Dataset items:
================================

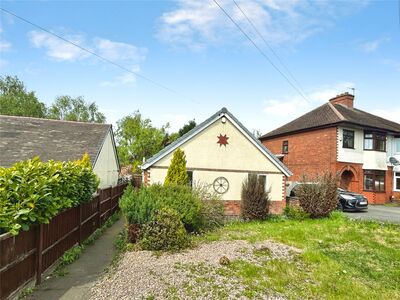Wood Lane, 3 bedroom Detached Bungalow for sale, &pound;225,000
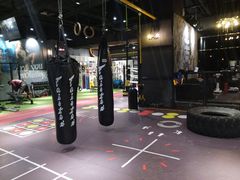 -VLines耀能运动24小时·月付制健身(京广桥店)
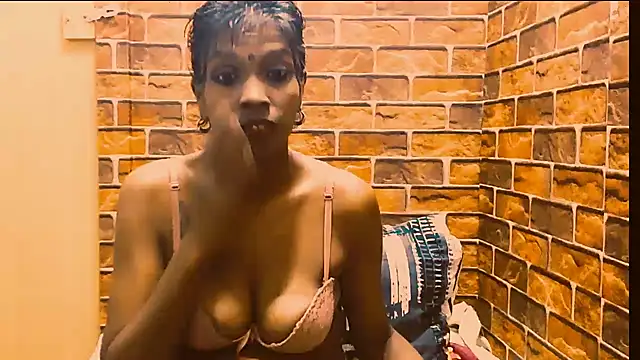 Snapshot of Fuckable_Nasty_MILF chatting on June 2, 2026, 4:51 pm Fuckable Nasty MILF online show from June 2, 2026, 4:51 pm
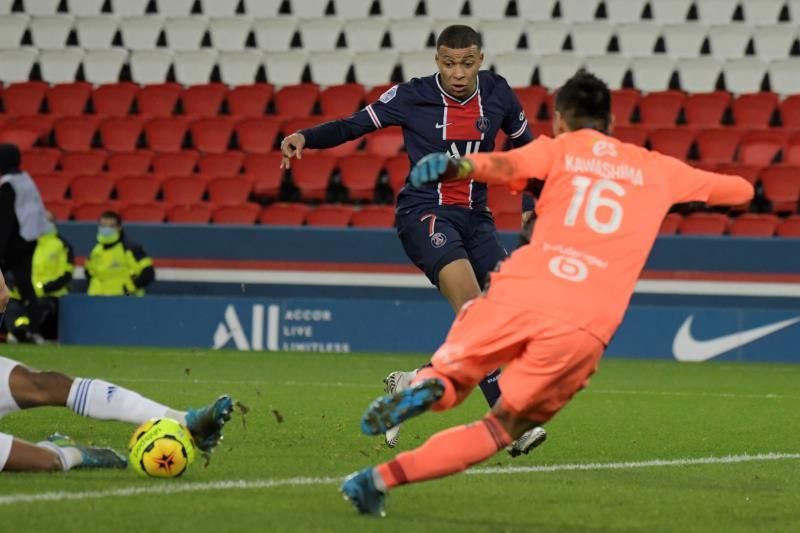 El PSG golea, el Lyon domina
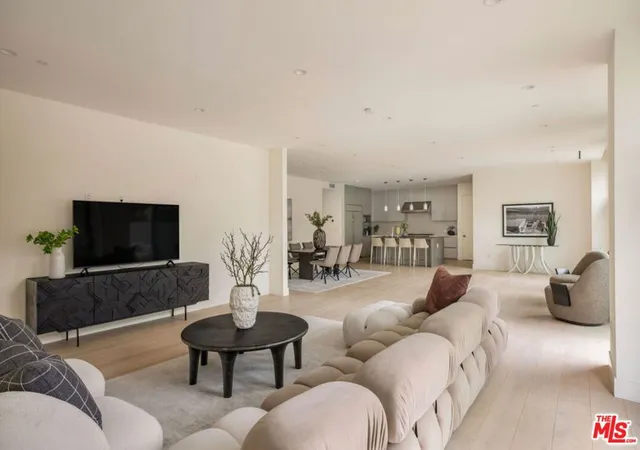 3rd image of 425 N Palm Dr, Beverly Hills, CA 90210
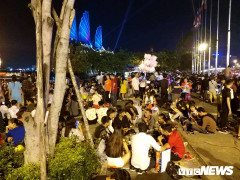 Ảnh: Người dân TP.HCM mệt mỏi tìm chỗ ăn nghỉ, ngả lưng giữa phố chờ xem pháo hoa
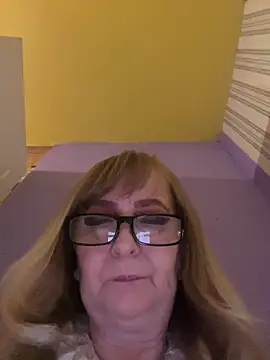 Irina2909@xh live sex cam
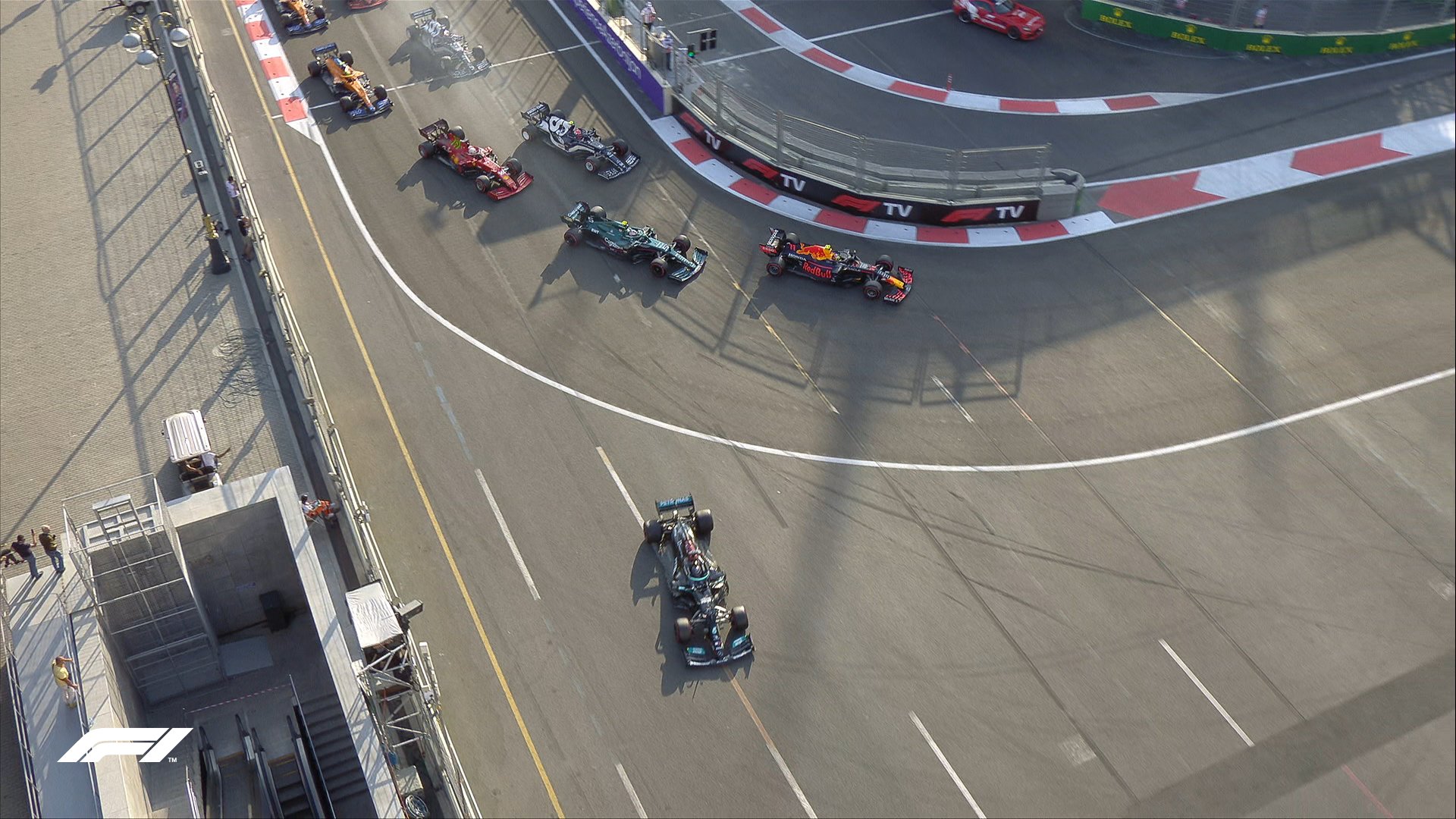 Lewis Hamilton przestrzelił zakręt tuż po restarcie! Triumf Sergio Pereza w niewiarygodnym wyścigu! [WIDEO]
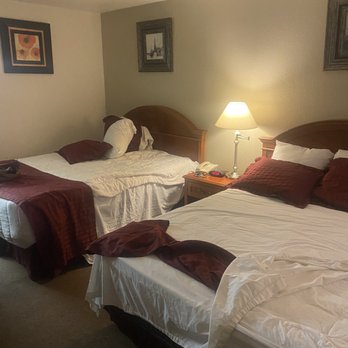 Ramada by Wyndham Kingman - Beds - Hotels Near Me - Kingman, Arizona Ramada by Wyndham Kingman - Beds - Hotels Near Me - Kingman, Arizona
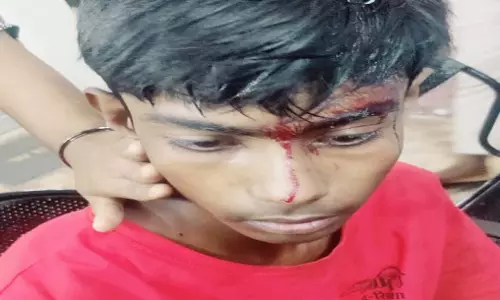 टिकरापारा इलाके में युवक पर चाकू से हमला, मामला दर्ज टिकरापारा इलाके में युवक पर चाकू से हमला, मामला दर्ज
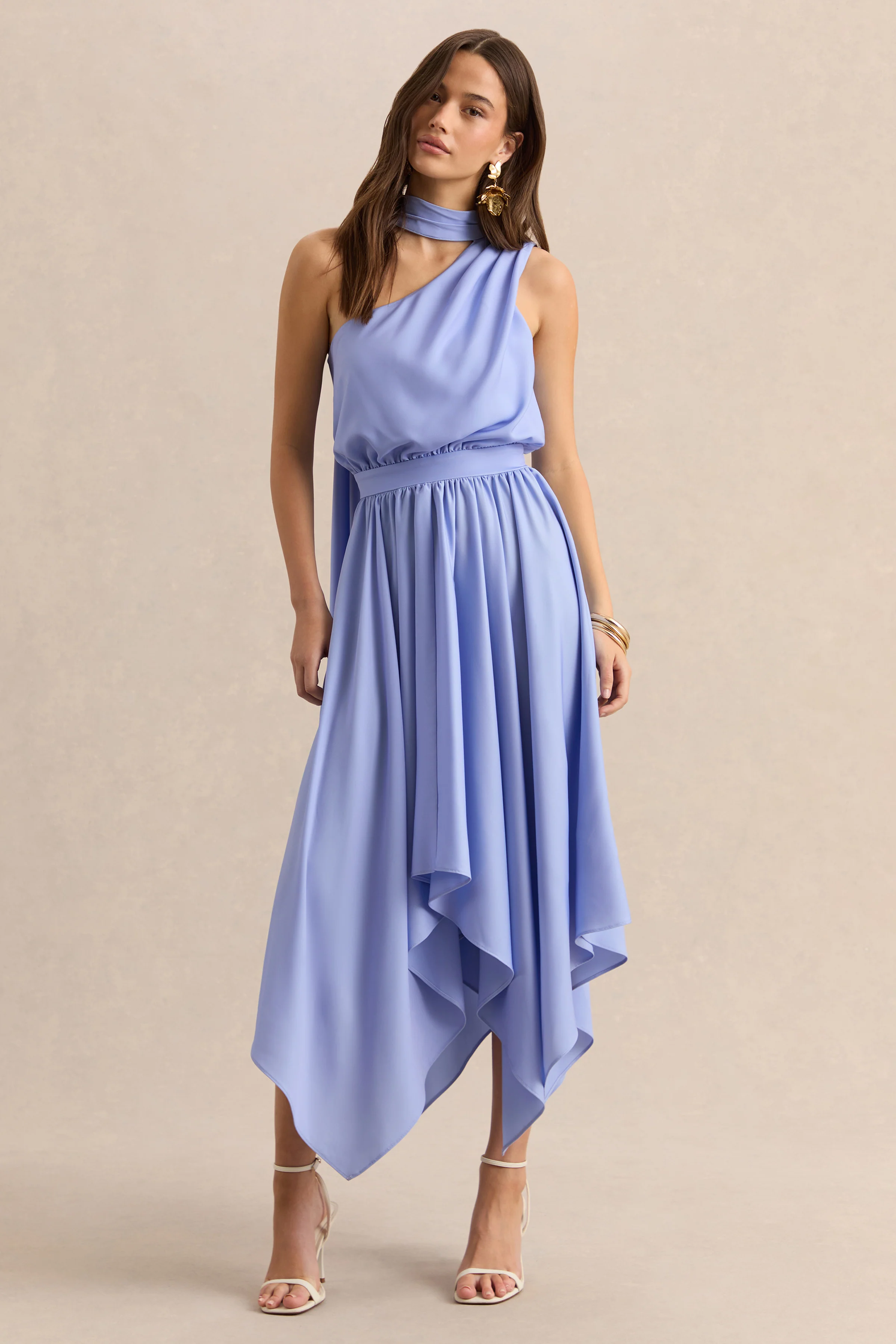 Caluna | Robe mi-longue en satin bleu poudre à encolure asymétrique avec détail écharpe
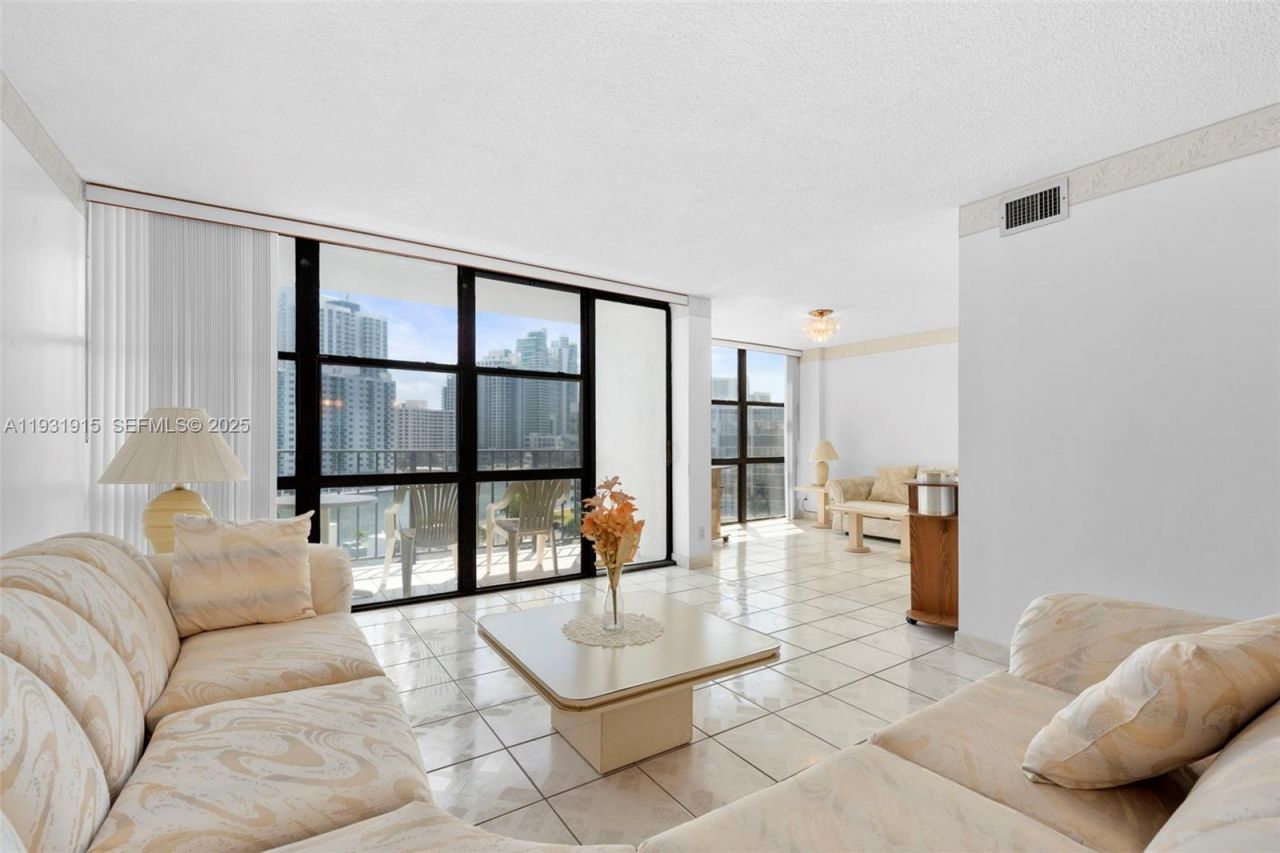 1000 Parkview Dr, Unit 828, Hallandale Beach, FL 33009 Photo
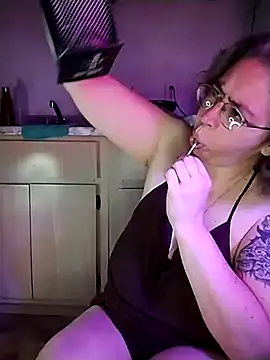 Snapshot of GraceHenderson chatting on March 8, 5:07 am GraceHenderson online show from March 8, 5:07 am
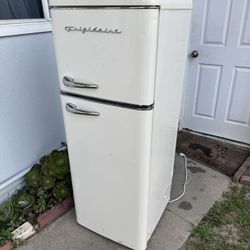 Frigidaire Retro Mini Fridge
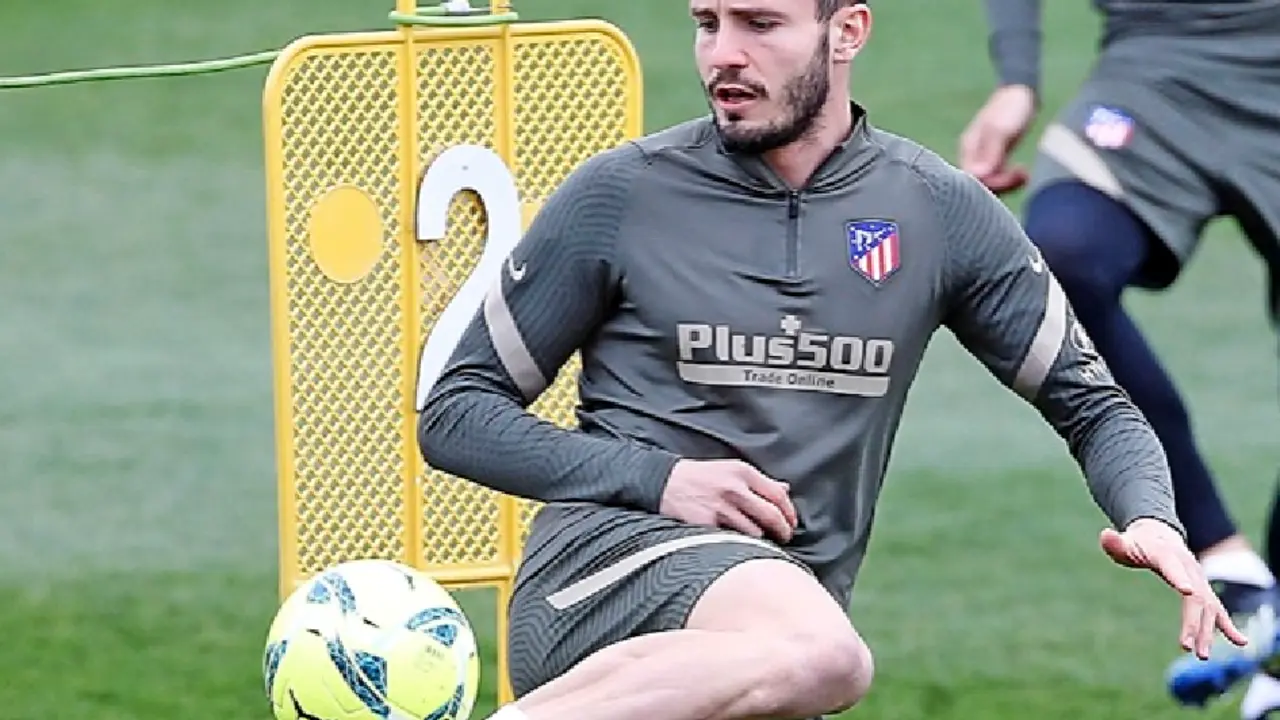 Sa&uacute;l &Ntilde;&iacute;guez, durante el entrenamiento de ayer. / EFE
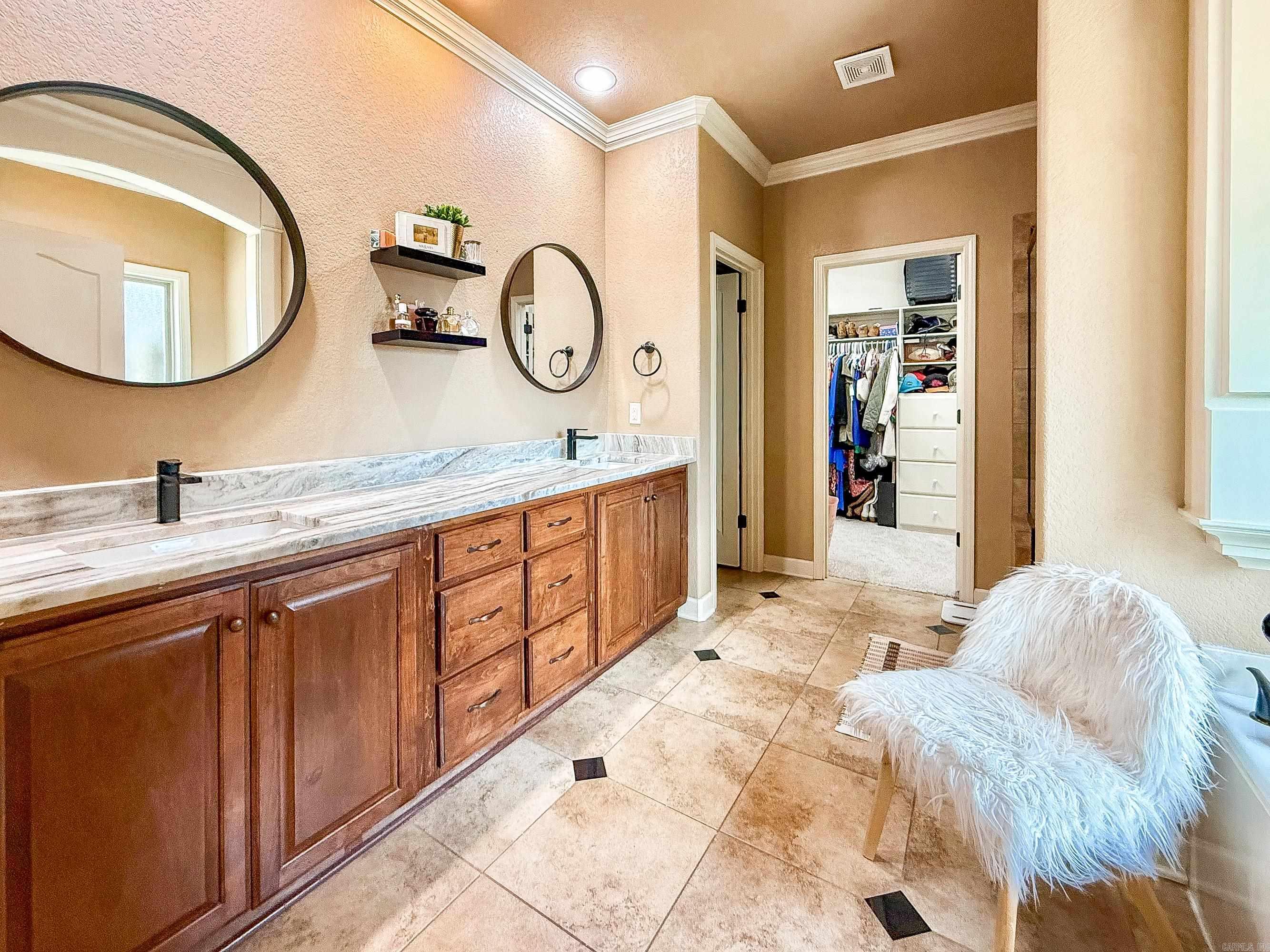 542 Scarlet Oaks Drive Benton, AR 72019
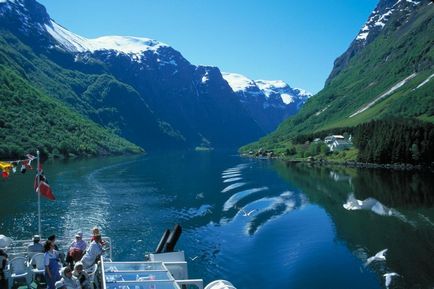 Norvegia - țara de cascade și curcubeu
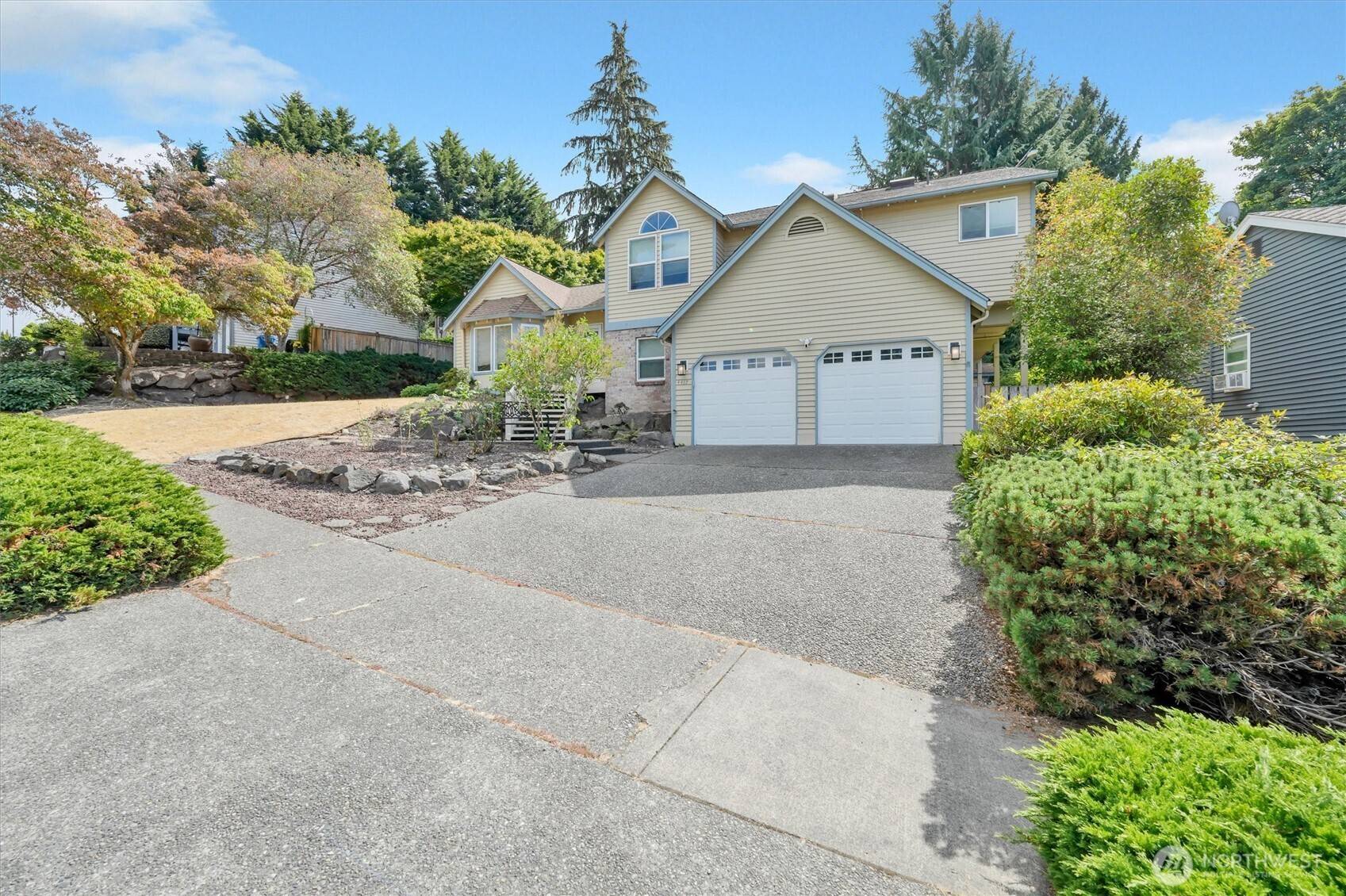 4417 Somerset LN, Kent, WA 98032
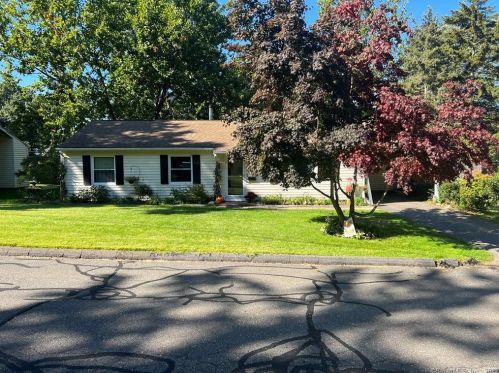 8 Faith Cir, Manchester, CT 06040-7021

================================

| The problem |
Output the data above in full. Skip every picture.

| Reply to the task |
Wood Lane, 3 bedroom Detached Bungalow for sale, &pound;225,000
 -VLines耀能运动24小时·月付制健身(京广桥店)
 Snapshot of Fuckable_Nasty_MILF chatting on June 2, 2026, 4:51 pm Fuckable Nasty MILF online show from June 2, 2026, 4:51 pm
 El PSG golea, el Lyon domina
 3rd image of 425 N Palm Dr, Beverly Hills, CA 90210
 Ảnh: Người dân TP.HCM mệt mỏi tìm chỗ ăn nghỉ, ngả lưng giữa phố chờ xem pháo hoa
 Irina2909@xh live sex cam
 Lewis Hamilton przestrzelił zakręt tuż po restarcie! Triumf Sergio Pereza w niewiarygodnym wyścigu! [WIDEO]
 Ramada by Wyndham Kingman - Beds - Hotels Near Me - Kingman, Arizona Ramada by Wyndham Kingman - Beds - Hotels Near Me - Kingman, Arizona
 टिकरापारा इलाके में युवक पर चाकू से हमला, मामला दर्ज टिकरापारा इलाके में युवक पर चाकू से हमला, मामला दर्ज
 Caluna | Robe mi-longue en satin bleu poudre à encolure asymétrique avec détail écharpe
 1000 Parkview Dr, Unit 828, Hallandale Beach, FL 33009 Photo
 Snapshot of GraceHenderson chatting on March 8, 5:07 am GraceHenderson online show from March 8, 5:07 am
 Frigidaire Retro Mini Fridge
 Sa&uacute;l &Ntilde;&iacute;guez, durante el entrenamiento de ayer. / EFE
 542 Scarlet Oaks Drive Benton, AR 72019
 Norvegia - țara de cascade și curcubeu
 4417 Somerset LN, Kent, WA 98032
 8 Faith Cir, Manchester, CT 06040-7021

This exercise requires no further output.